Is the World Press Photo propaganda for terror?
The photo of the Turkish police officer who shot and killed the Russian ambassador in Ankara has been voted World Press Photo of the year. Burhan Özbilici, the Turkish photographer who took the photo will receive the prestigious prize from news agency AP. Some media decry the choice on the grounds that the picture glorifies terrorism. For others, the image of the assassin is the opposite of propaganda.
Dangerous glorification of assassin
Pohjalainen is appalled at the jury's choice:
“In this photo the assassin has the gun in his hand and is pointing his finger at the sky. Beside him lies the ambassador's lifeless body. The photo that won the World Press Photo competition is abhorrent, and one can only shake one's head at the choice. Of course the picture is a document of our times in which terrorism and attacks by radical groups have become commonplace. The image has been viewed millions of times online. What we see is a fanatic terrorist and a helpless victim, but other people see a hero.”

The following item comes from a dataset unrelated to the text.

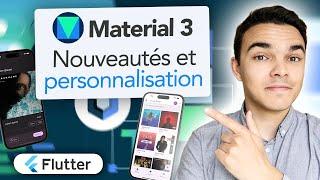 Material 3: Métamorphosez Vos Applications Flutter Avec La Dernière Version De Material 3!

Killer's self-glorification exposed
The photo is not propaganda for terrorists but rather exposes the glorification of violence, La Repubblica's comments:
“Many people saw something different in the assassin's pose: glamour, the echo of film stars (from John Travolta in Saturday Night Fever to Men in Black and Pulp Fiction) that is unacceptable in the context of a tragedy. … The scene is indeed so surreally clean that if we didn't know that the body on the floor was the murdered victim we would think it was an artistic performance. … But isn't that precisely what the attack was? An exhibition of violence? The policeman chose for his crime a setting that was ideal for such a display and promised maximum impact in the media, the opening of an exhibition - a photo exhibition - in Ankara. Özbilici's photo doesn't invent the glamorization of terrorist violence, but at most denounces and exposes it as such.”